SQL INSERT INTO
Complete SQL INSERT INTO Technical Guide
1. Fundamental Syntax
Explicit Column Listing:
INSERT INTO table_name (col1, col2, col3) VALUES (val1, val2, val3);
Implicit Column Listing:
INSERT INTO table_name VALUES (val1, val2, val3);
2. Advanced Insert Methods
Multi-Row Insert
INSERT INTO products (name, price) VALUES ('Product A', 9.99), ('Product B', 19.99), ('Product C', 29.99);
More efficient than single inserts (reduced roundtrips)
Insert from Select
INSERT INTO archived_orders SELECT * FROM orders WHERE order_date < '2020-01-01';
Insert with Defaults
INSERT INTO users (username) VALUES ('johndoe'); -- Other columns get DEFAULT values
3. Database-Specific Features
MySQL
INSERT IGNORE INTO table ... -- Skips rows with errors
INSERT INTO table ... ON DUPLICATE KEY UPDATE ... -- Updates if duplicate exists
PostgreSQL
INSERT INTO table ... RETURNING id -- Returns generated values
INSERT INTO table ... ON CONFLICT DO NOTHING -- Handles conflicts gracefully
4. Performance Considerations
Batch Insert Optimization
- Use multi-row VALUES syntax
- Consider prepared statements
- Batch size typically 100-1000 rows
Index Impact
- Each index adds insert overhead
- Consider dropping/recreating indexes for bulk loads
- Foreign keys add validation cost
Bulk Load Techniques
-- MySQL LOAD DATA INFILE '/path/to/file.csv' INTO TABLE my_table FIELDS TERMINATED BY ','; -- PostgreSQL COPY my_table FROM '/path/to/file.csv' DELIMITER ',';
5. Error Handling
Common Errors
- Constraint violations (PK, FK, UNIQUE)
- Data type mismatches
- NOT NULL constraint violations
Handling Strategies
- Use database-specific modifiers (IGNORE, ON CONFLICT)
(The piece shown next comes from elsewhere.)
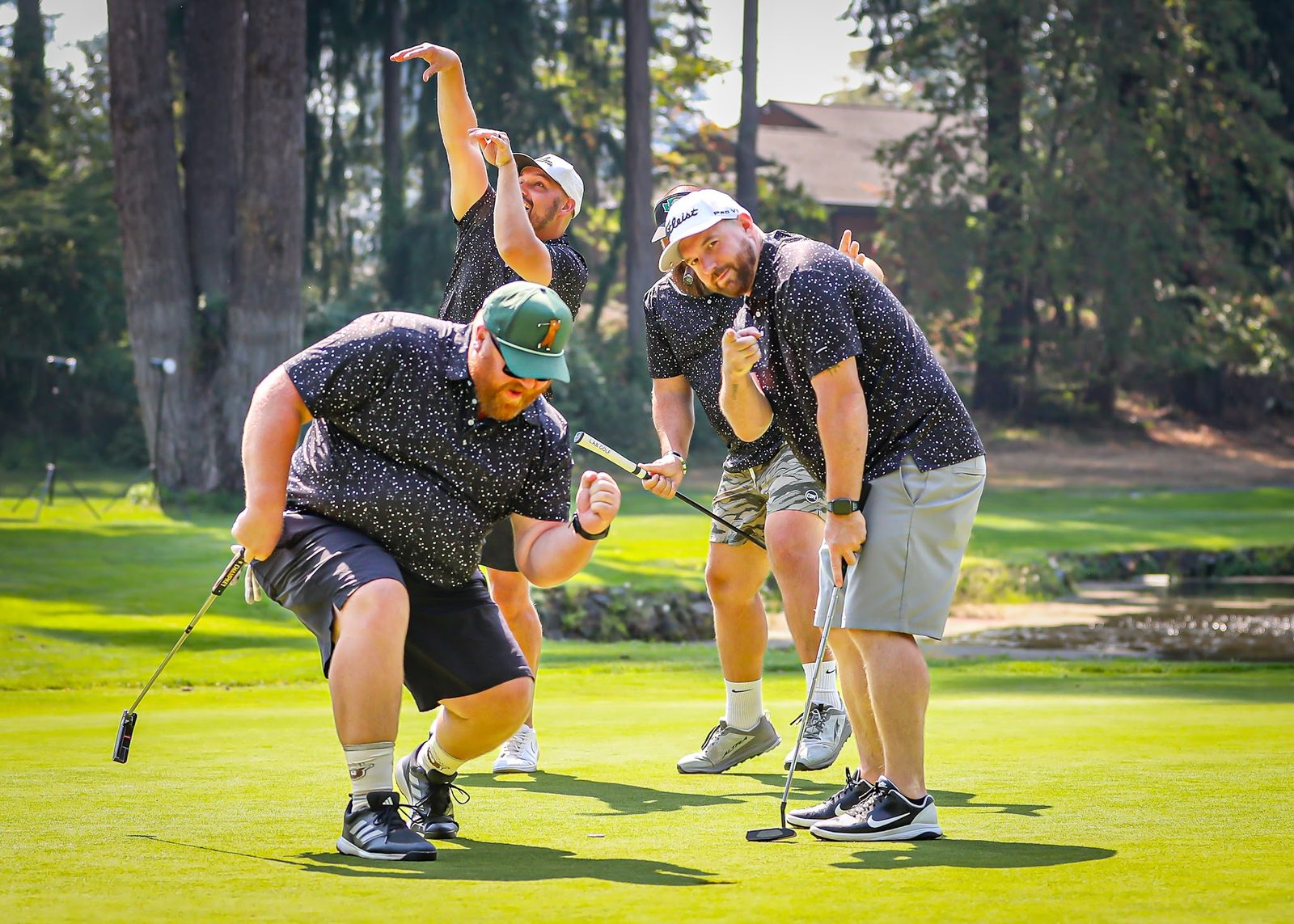 Golfers having fun mid-swing out on the course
- Validate data before insert
- Use transactions for atomicity
6. Advanced Patterns
Insert with Joins
INSERT INTO user_orders (user_id, order_id) SELECT u.id, o.id FROM users u JOIN orders o ON u.email = o.customer_email;
Conditional Insert
INSERT INTO inventory SELECT product_id, quantity FROM shipment WHERE quantity > 0;
Insert with CTEs
WITH new_users AS ( SELECT * FROM temp_users WHERE valid = true ) INSERT INTO main_users SELECT * FROM new_users;
RETURNING Clause
INSERT INTO users (name, email) VALUES ('Alice', 'alice@example.com') RETURNING id, created_at;
Supported in PostgreSQL, Oracle, and SQLite. Useful for getting auto-generated values.
Bulk Insert Optimization
- Transaction Batching: Wrap multiple inserts in a single transaction
- Batch Size: Optimal sizes vary (typically 500-5000 rows per batch)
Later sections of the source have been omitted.